A faithful copy is required. Print each line of the data exactly and omit the pictures.
─── MATERIAL PROVIDED
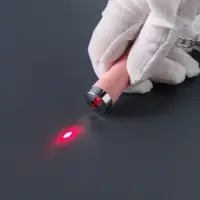 Фонарик-лазер брелок для ключей на кольце "Пастель" USB 4 режима МИКС 1,7х1,7х8 см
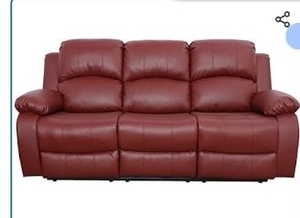lot 35660 image: Red Semi PU Synthetic Leather 1-Piece Couch Living Room Sofa Set GS2895 for Living RoomHouseBedroomOfficeApartment(Red,GS2895-S) - Retail $1,035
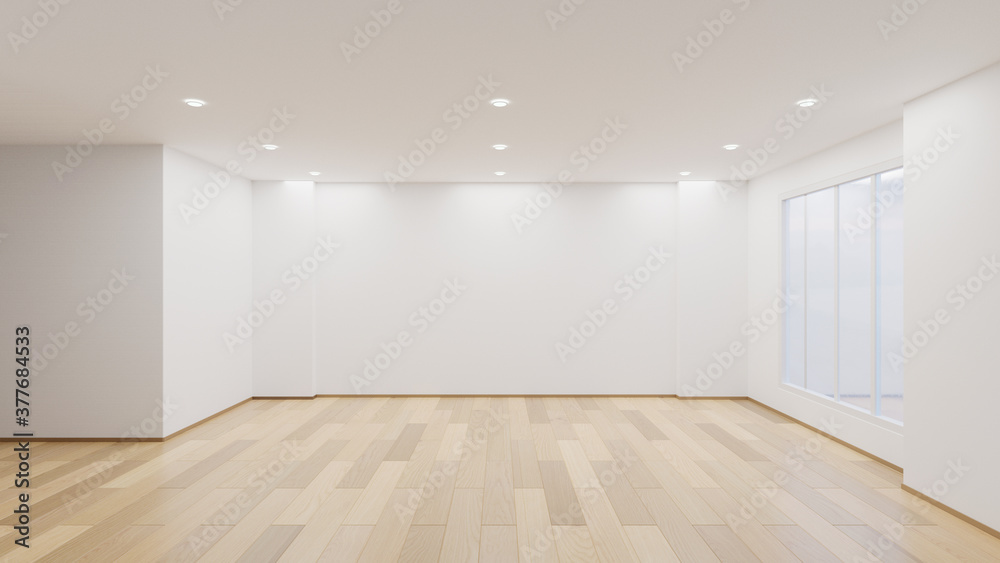 White empty room, Living room - 3D Rendering White empty room, Living room - 3D Rendering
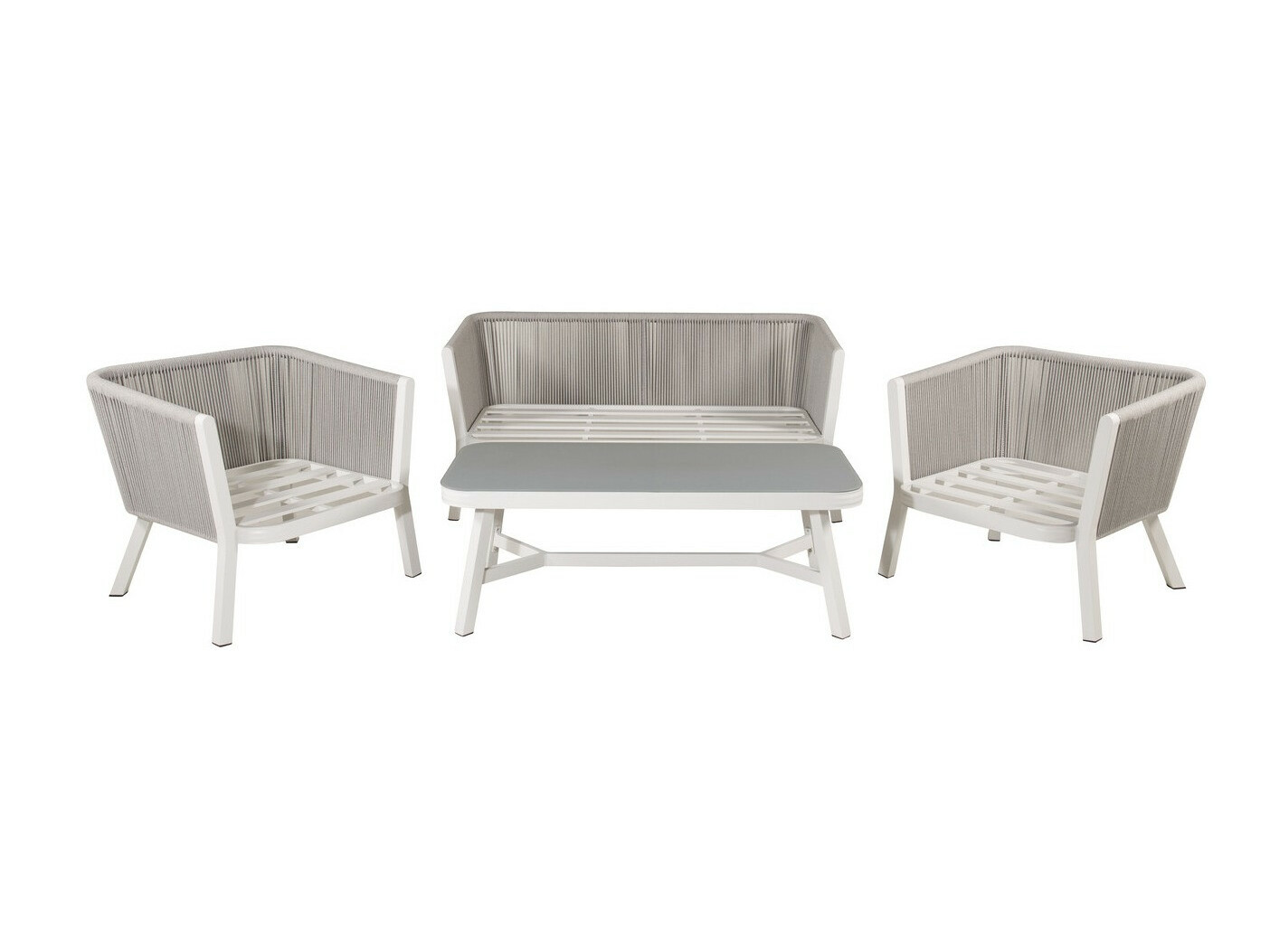 Dārza mēbeļu komplekts Dallas 2175 (Balts + Pelēks)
──────
ANSWER BOX ->
 Фонарик-лазер брелок для ключей на кольце "Пастель" USB 4 режима МИКС 1,7х1,7х8 см
lot 35660 image: Red Semi PU Synthetic Leather 1-Piece Couch Living Room Sofa Set GS2895 for Living RoomHouseBedroomOfficeApartment(Red,GS2895-S) - Retail $1,035
 White empty room, Living room - 3D Rendering White empty room, Living room - 3D Rendering
 Dārza mēbeļu komplekts Dallas 2175 (Balts + Pelēks)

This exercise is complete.